* [DATASET CONTENT]
##############################

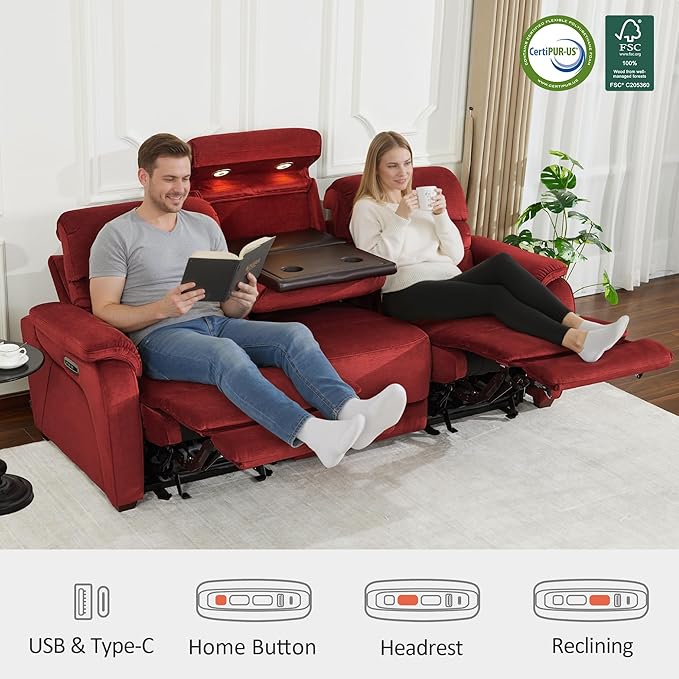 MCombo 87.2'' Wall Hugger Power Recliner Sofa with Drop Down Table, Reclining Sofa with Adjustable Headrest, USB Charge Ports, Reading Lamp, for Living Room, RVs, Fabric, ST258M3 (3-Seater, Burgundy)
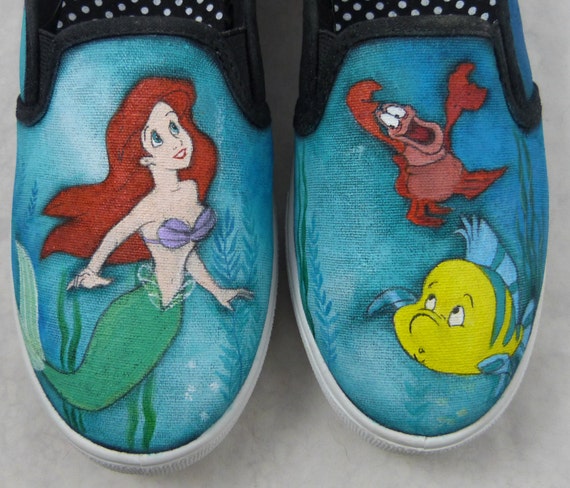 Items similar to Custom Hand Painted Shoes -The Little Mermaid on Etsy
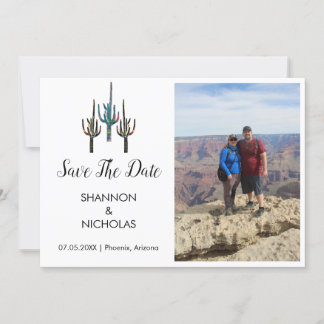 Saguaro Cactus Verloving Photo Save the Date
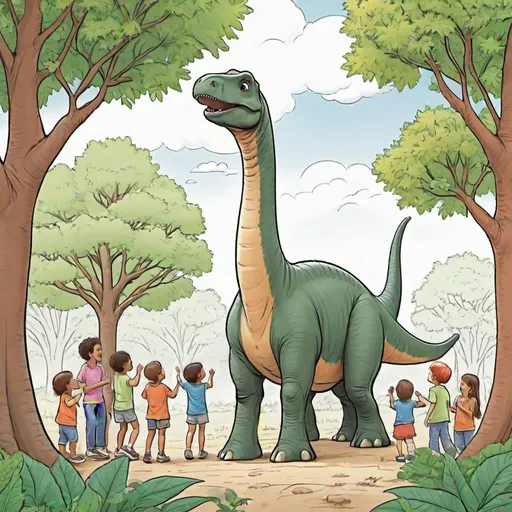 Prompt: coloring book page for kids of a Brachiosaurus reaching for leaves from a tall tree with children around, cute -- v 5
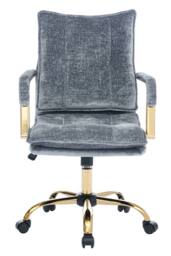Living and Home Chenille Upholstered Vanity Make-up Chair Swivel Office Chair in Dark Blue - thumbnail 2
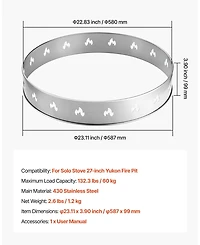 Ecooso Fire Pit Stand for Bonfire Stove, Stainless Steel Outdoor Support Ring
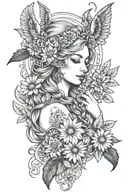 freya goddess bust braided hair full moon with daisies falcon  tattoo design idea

##############################

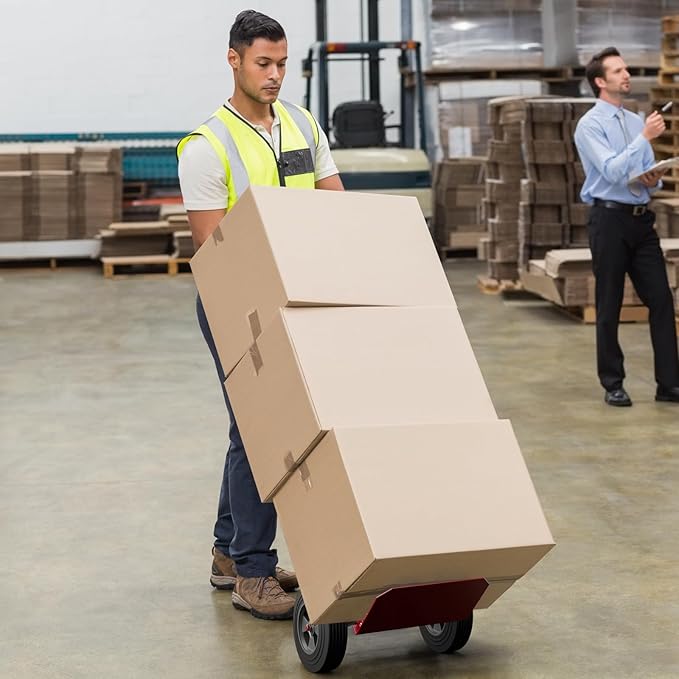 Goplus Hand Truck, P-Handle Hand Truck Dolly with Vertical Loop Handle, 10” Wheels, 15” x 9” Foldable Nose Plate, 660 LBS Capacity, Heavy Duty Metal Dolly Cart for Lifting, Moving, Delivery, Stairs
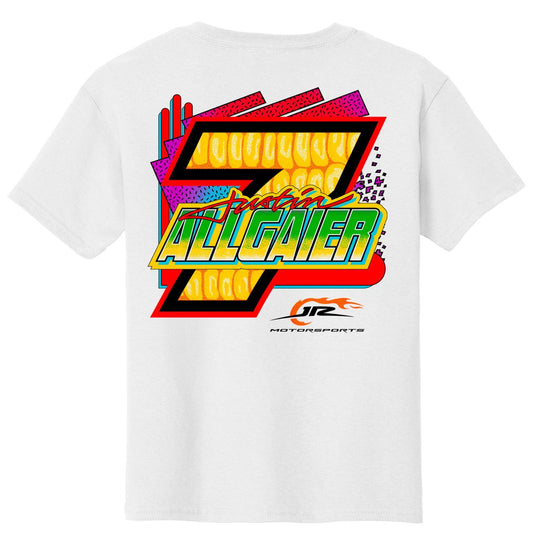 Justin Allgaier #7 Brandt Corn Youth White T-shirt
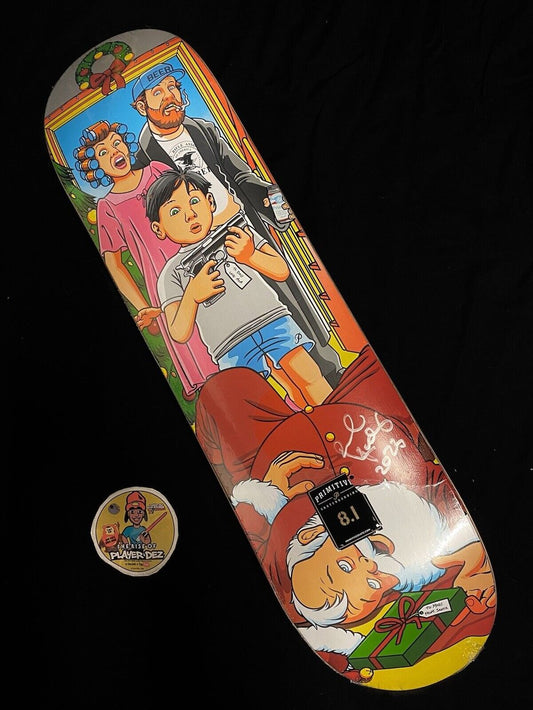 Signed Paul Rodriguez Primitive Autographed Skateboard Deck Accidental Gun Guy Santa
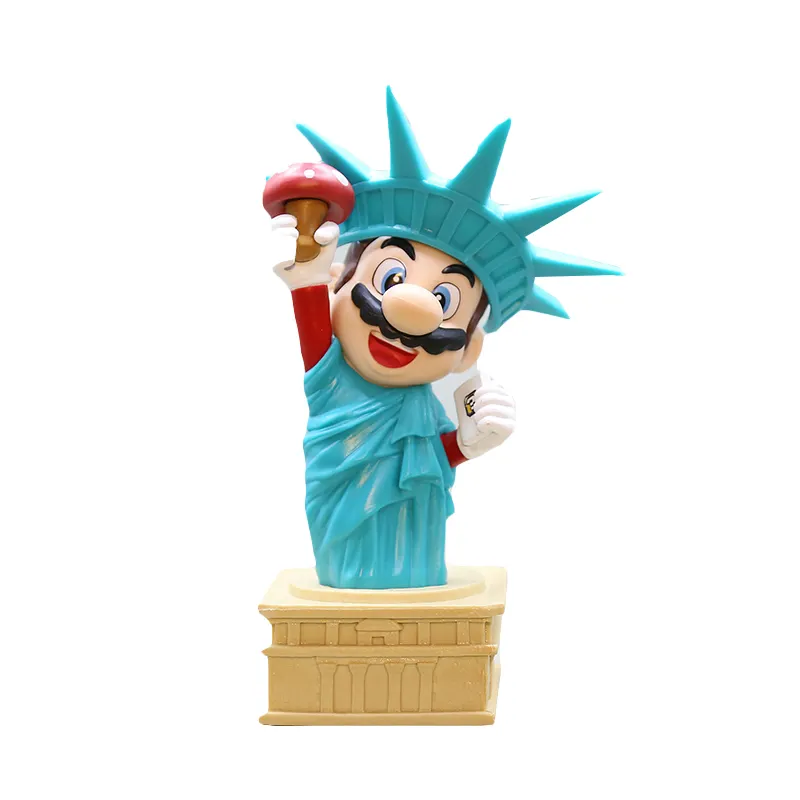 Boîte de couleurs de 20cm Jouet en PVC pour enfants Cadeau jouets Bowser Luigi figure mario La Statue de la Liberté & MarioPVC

##############################

* [WORK INSTRUCTIONS]
Starting at the line containing "Living and Home" and stopping at the line containing "freya goddess bust", output every line above exactly, both ends included, with pictures omitted.

* [EXERCISE RESPONSE]
Living and Home Chenille Upholstered Vanity Make-up Chair Swivel Office Chair in Dark Blue - thumbnail 2
 Ecooso Fire Pit Stand for Bonfire Stove, Stainless Steel Outdoor Support Ring
 freya goddess bust braided hair full moon with daisies falcon  tattoo design idea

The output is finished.